Where are we at with the research?

The research has recently been approved by the Western Australia Department of Corrective Services with approval pending from Corrective Services New South Wales. Recruitment of controls in the WA prisons should commence within the next month.


[1] The project was known as SCREAM in NSW.

[2] Scales included: selected measures used in the National Aboriginal and Torres Strait Islander Health Survey (2012), the SF-12, the Kessler-5, the Brief Resilience Measure, Multidimensional Scale of Perceived Social Support and Positive Wellbeing.

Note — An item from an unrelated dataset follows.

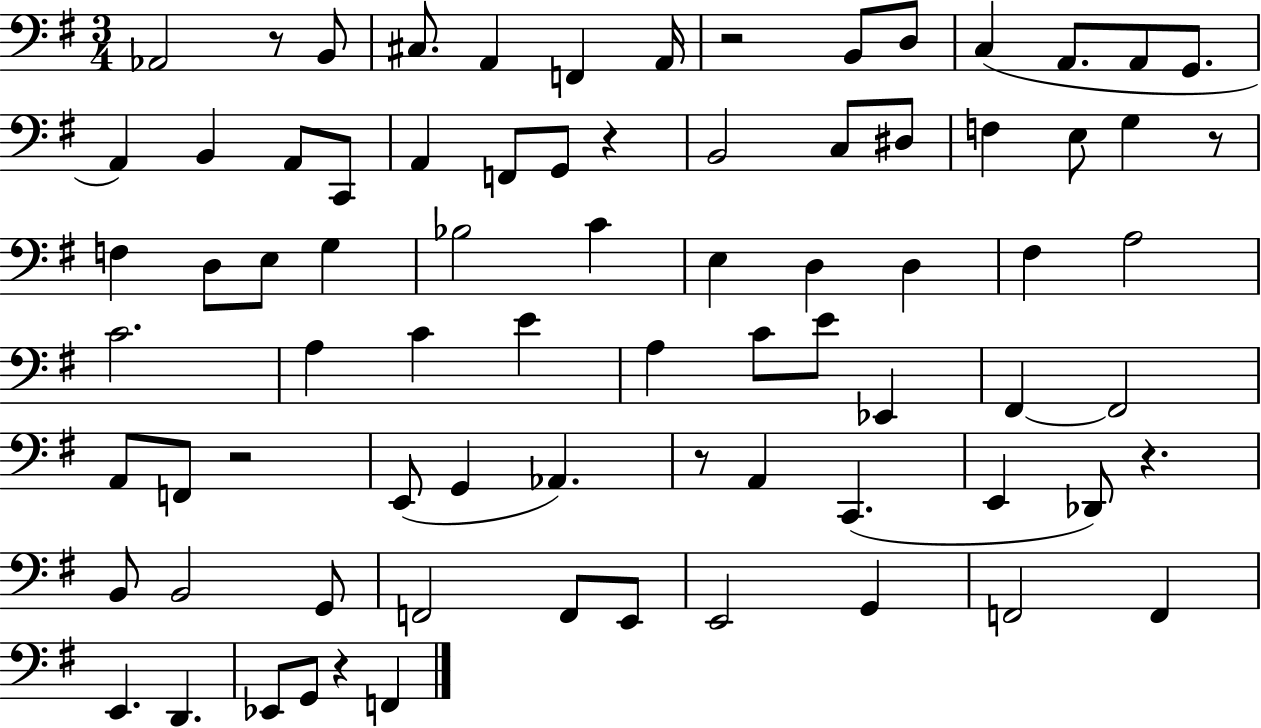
Ab2/h R/e B2/e C#3/e. A2/q F2/q A2/s R/h B2/e D3/e C3/q A2/e. A2/e G2/e. A2/q B2/q A2/e C2/e A2/q F2/e G2/e R/q B2/h C3/e D#3/e F3/q E3/e G3/q R/e F3/q D3/e E3/e G3/q Bb3/h C4/q E3/q D3/q D3/q F#3/q A3/h C4/h. A3/q C4/q E4/q A3/q C4/e E4/e Eb2/q F#2/q F#2/h A2/e F2/e R/h E2/e G2/q Ab2/q. R/e A2/q C2/q. E2/q Db2/e R/q. B2/e B2/h G2/e F2/h F2/e E2/e E2/h G2/q F2/h F2/q E2/q. D2/q. Eb2/e G2/e R/q F2/q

  1. Australian Bureau of Statistics. (2016). Prisoners in Australia 2016 (ABS publication 4517.0). Available from
  2. Department of Corrective Services. (2016). Adult Prisoners in Custody Quarterly Statistics: December Quarter 2016. Available from
  3. World Health Organization. (2009). Women’s health in prison: Correcting gender inequity in prison health. Copenhagen: World Health Organization.
  4. Swan, S., Gambone, M., Caldwell, J., Sullivan, T., & Snow, D. (2008). A review of research on women’s use of violence with male intimate partners. Violence and Victims, 23, 301-314.
  5. Barrett, E. L., Teesson, M., & Mills, K. L. (2014). Associations between substance use, post-traumatic stress disorder and the perpetration of violence: A longitudinal investigation. Addictive Behaviors, 39, 1075-1080.
  6. Logan, C., & Blackburn, R. (2009). Mental disorder in violent women in secure settings: Potential relevance to risk for future violence. International Journal of Law Psychiatry, 32, 31-38.
  7. Wilson, M., Jones, J., Butler, T., Simpson, P., et al. (2017). Violence in the lives of incarcerated Aboriginal mothers in Western Australia. SAGE Open, 1-16.
  8. Kubiak, S., Kim, W., Fedock, G., & Bybee, D. (2014). Testing a violence-prevention intervention for incarcerated women using a randomized control trial. Res Social Work Prac, 24, 1-15.
  9. Covington, S. (2013). Beyond Violence: A Prevention Program for Criminal Justice-Involved Women. New Jersey: John Wiley & Sons, Inc.